# [What to do]
Only the lines of the data below from the one with "beautiful teen peeping" through the one with "Gepolsterte graue Jacke" are wanted. Repeat them exactly.

# [Dataset excerpts]
———

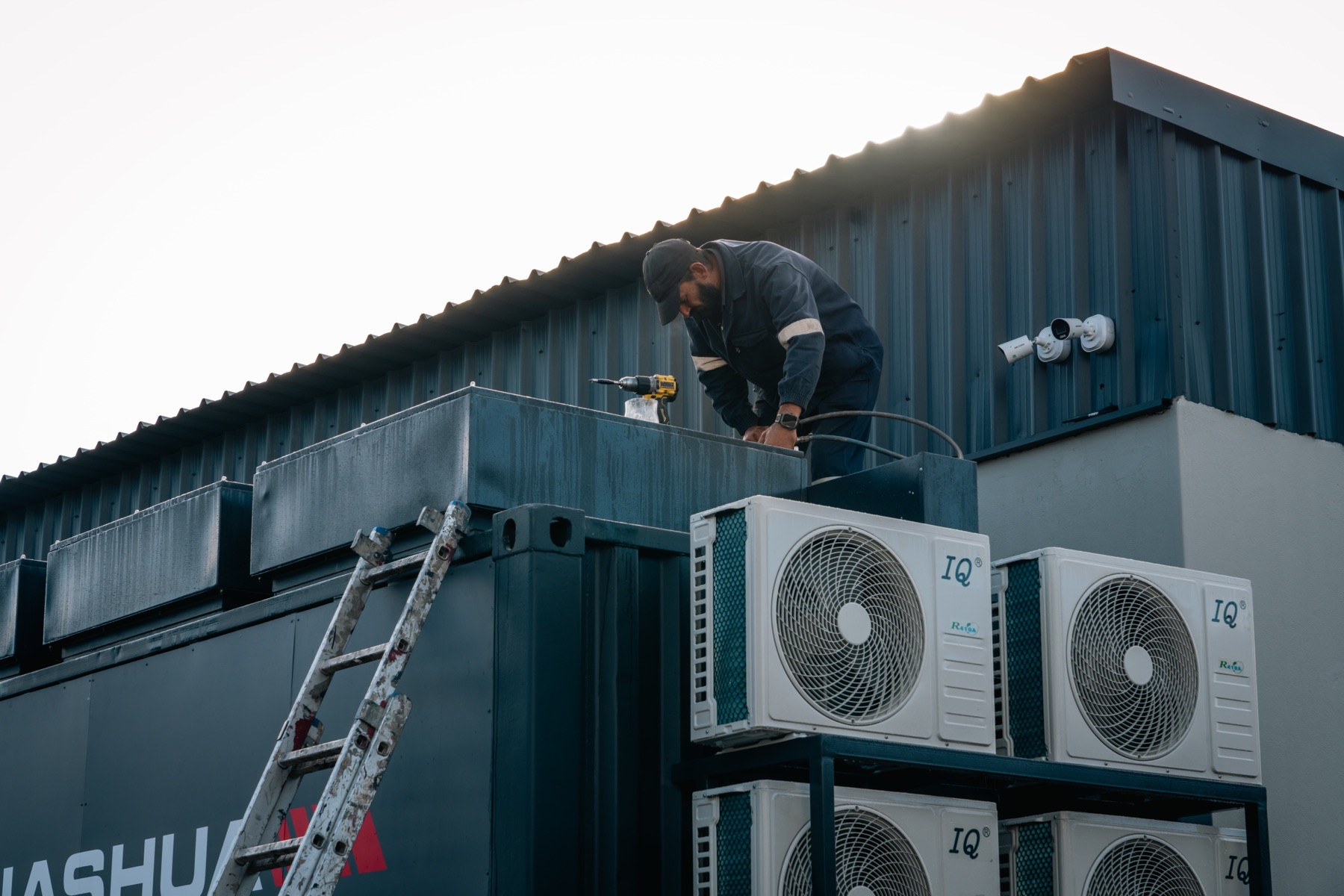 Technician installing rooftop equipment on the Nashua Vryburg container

———

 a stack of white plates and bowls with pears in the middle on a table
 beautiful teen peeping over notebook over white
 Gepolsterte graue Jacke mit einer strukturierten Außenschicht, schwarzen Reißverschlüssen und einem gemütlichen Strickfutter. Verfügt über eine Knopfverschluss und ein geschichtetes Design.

———

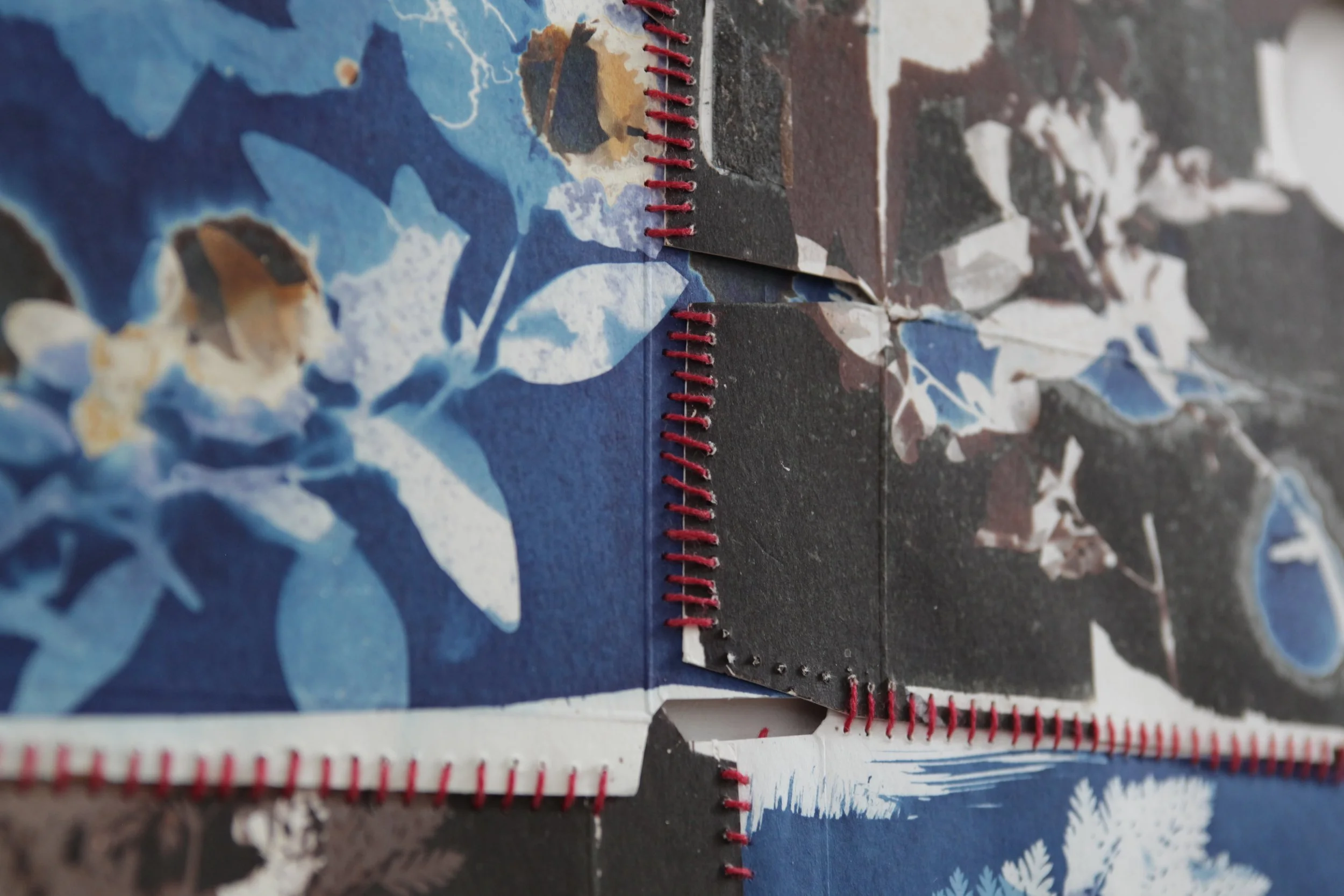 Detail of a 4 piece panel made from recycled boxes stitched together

———

# [Answer space]
 beautiful teen peeping over notebook over white
 Gepolsterte graue Jacke mit einer strukturierten Außenschicht, schwarzen Reißverschlüssen und einem gemütlichen Strickfutter. Verfügt über eine Knopfverschluss und ein geschichtetes Design.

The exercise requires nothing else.